LoRAs Galore: Create a LoRA Playground with Modal, Gradio, and S3
This example shows how to mount an S3 bucket in a Modal app using CloudBucketMount
.
We will download a bunch of LoRA adapters from the HuggingFace Hub into our S3 bucket
then read from that bucket, on the fly, when doing inference.
By default, we use the IKEA instructions LoRA as an example, which produces the following image when prompted to generate “IKEA instructions for building a GPU rig for deep learning”:
By the end of this example, we’ve deployed a “playground” app where anyone with a browser can try out these custom models. That’s the power of Modal: custom, autoscaling AI applications, deployed in seconds. You can try out our deployment here.
Basic setup
import io
import os
from pathlib import Path
from typing import Optional
import modal
You will need to have an S3 bucket and AWS credentials to run this example. Refer to the documentation for the detailed IAM permissions those credentials will need.
After you are done creating a bucket and configuring IAM settings,
you now need to create a Modal Secret. Navigate to the “Secrets” tab and
click on the AWS card, then fill in the fields with the AWS key and secret created
previously. Name the Secret s3-bucket-secret
.
bucket_secret = modal.Secret.from_name(
"s3-bucket-secret",
required_keys=["AWS_ACCESS_KEY_ID", "AWS_SECRET_ACCESS_KEY"],
)
MOUNT_PATH: Path = Path("/mnt/bucket")
LORAS_PATH: Path = MOUNT_PATH / "loras/v5"
BASE_MODEL = "stabilityai/stable-diffusion-xl-base-1.0"
CACHE_DIR = "/hf-cache"
Modal runs serverless functions inside containers.
The environments those functions run in are defined by
the container Image
. The line below constructs an image
with the dependencies we need — no need to install them locally.
image = (
modal.Image.debian_slim(python_version="3.12")
.pip_install(
"huggingface_hub==0.21.4",
"transformers==4.38.2",
"diffusers==0.26.3",
"peft==0.9.0",
"accelerate==0.27.2",
)
.env({"HF_HUB_CACHE": CACHE_DIR})
)
with image.imports():
# we import these dependencies only inside the container
import diffusers
import huggingface_hub
import torch
We attach the S3 bucket to all the Modal functions in this app by mounting it on the filesystem they see,
passing a CloudBucketMount
to the volumes
dictionary argument. We can read and write to this mounted bucket
(almost) as if it were a local directory.
app = modal.App(
"loras-galore",
image=image,
volumes={
MOUNT_PATH: modal.CloudBucketMount(
"modal-s3mount-test-bucket",
secret=bucket_secret,
)
},
)
For the base model, we’ll use a modal.Volume to store the Hugging Face cache.

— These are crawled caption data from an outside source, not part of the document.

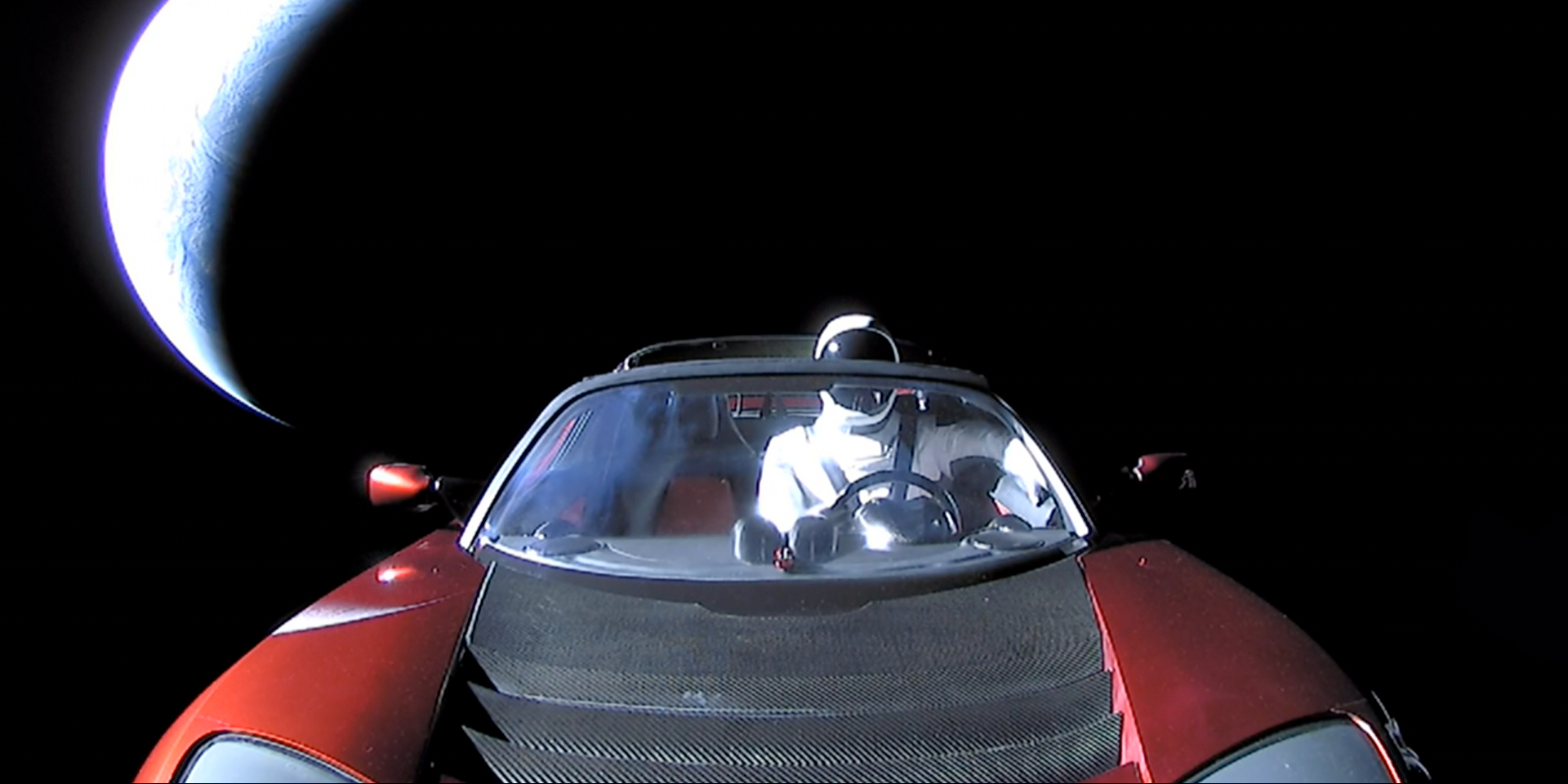 Орбиту Tesla Roadster Маска рассчитали на миллионы лет вперед. На изображении — последнее фото родстера, отправленного в космос (Фото: SpaceX)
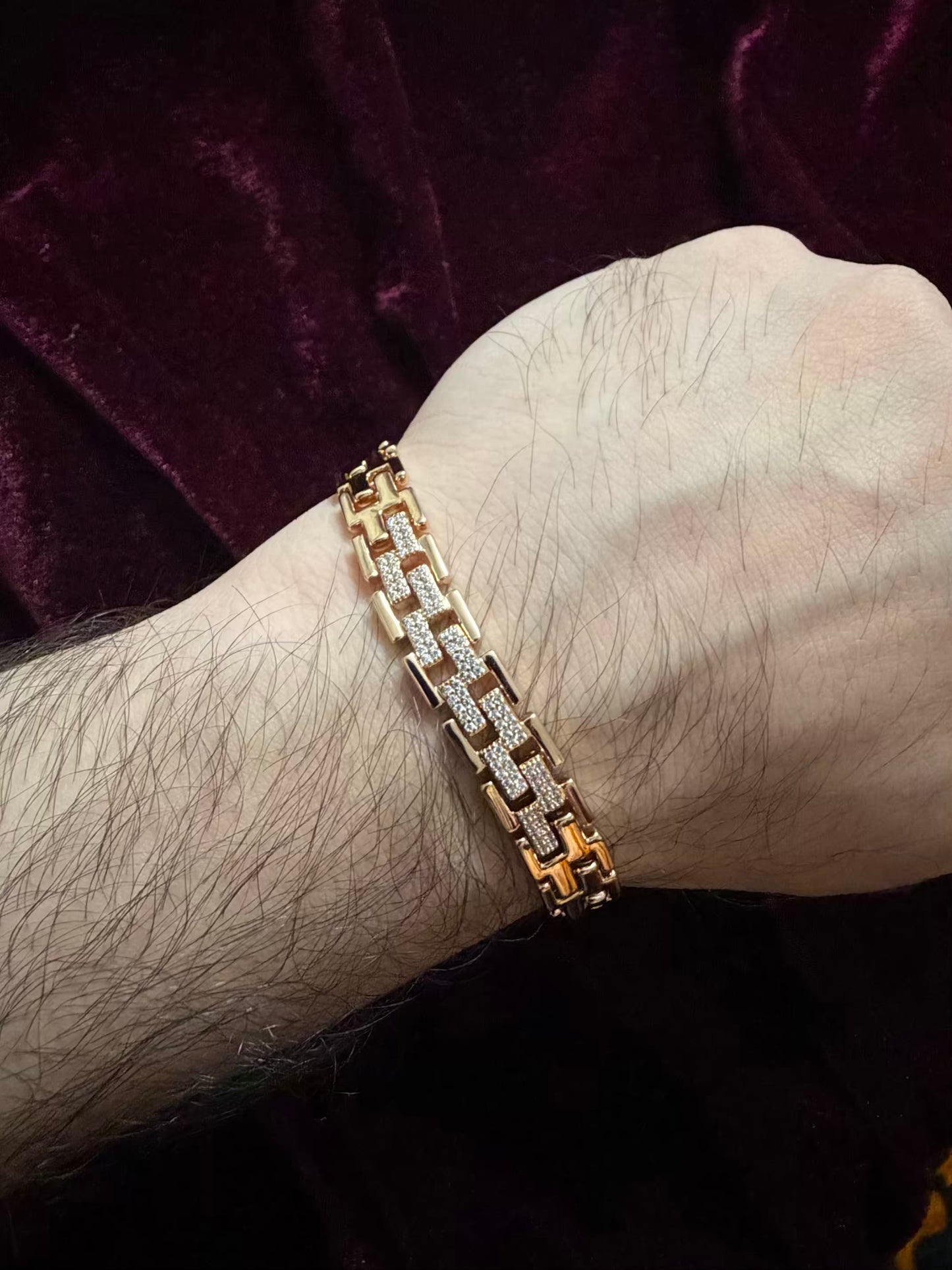 Bold Geometric Diamond Men's Rakhi Bracelet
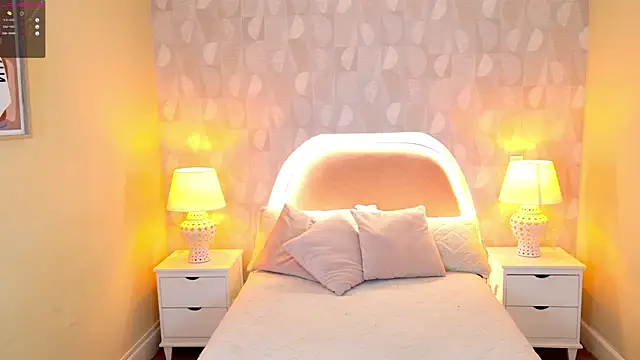 april rousse online show from February 25, 2025, 10:18 pm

cache_volume = modal.Volume.from_name("hf-hub-cache", create_if_missing=True)
@app.function(image=image, volumes={CACHE_DIR: cache_volume})
def download_model():
loc = huggingface_hub.snapshot_download(repo_id=BASE_MODEL)
print(f"Saved model to {loc}")
Acquiring LoRA weights
search_loras()
will use the Hub API to search for LoRAs. We limit LoRAs
to a maximum size to avoid downloading very large model weights.

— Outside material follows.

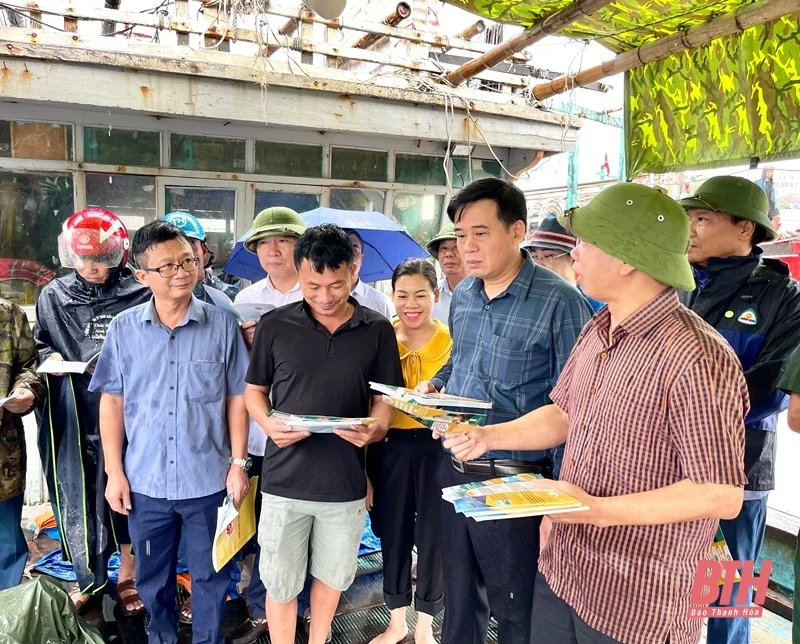 Tuyên truyền, vận động cao điểm về chống khai thác hải sản bất hợp pháp, không báo cáo và không theo quy định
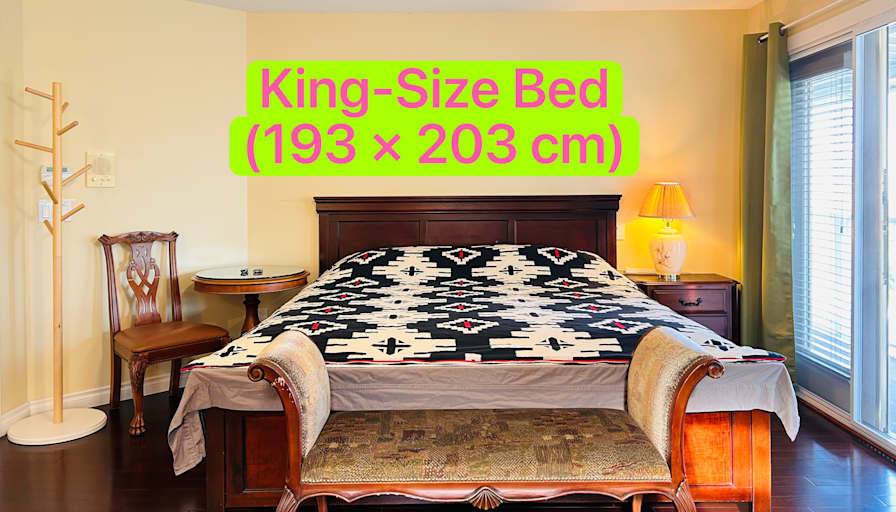 sandy's room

We went with 800 MiB, but feel free to adapt to what works best for you.
@app.function(secrets=[bucket_secret])
def search_loras(limit: int, max_model_size: int = 1024 * 1024 * 1024):
api = huggingface_hub.HfApi()
model_ids: list[str] = []
for model in api.list_models(
tags=["lora", f"base_model:{BASE_MODEL}"],
library="diffusers",
sort="downloads", # sort by most downloaded
):
try:
model_size = 0
for file in api.list_files_info(model.id):
model_size += file.size
except huggingface_hub.utils.GatedRepoError:
print(f"gated model ({model.id}); skipping")
continue
# Skip models that are larger than file limit.
if model_size > max_model_size:
print(f"model {model.id} is too large; skipping")
continue
model_ids.append(model.id)
if len(model_ids) >= limit:
return model_ids
return model_ids
We want to take the LoRA weights we found and move them from Hugging Face onto S3,
where they’ll be accessible, at short latency and high throughput, for our Modal functions.

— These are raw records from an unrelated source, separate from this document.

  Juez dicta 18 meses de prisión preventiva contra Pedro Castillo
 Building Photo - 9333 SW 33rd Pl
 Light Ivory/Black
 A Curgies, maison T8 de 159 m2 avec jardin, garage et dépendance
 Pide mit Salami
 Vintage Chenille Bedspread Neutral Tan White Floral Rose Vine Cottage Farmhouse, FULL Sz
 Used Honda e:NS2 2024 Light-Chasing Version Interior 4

Downloading files in this mount will automatically upload files to S3.
To speed things up, we will run this function in parallel using Modal’s
map
.
@app.function()
def download_lora(repository_id: str) -> Optional[str]:
os.environ["HF_HUB_DISABLE_SYMLINKS_WARNING"] = "1"
# CloudBucketMounts will report 0 bytes of available space leading to many
# unnecessary warnings, so we patch the method that emits those warnings.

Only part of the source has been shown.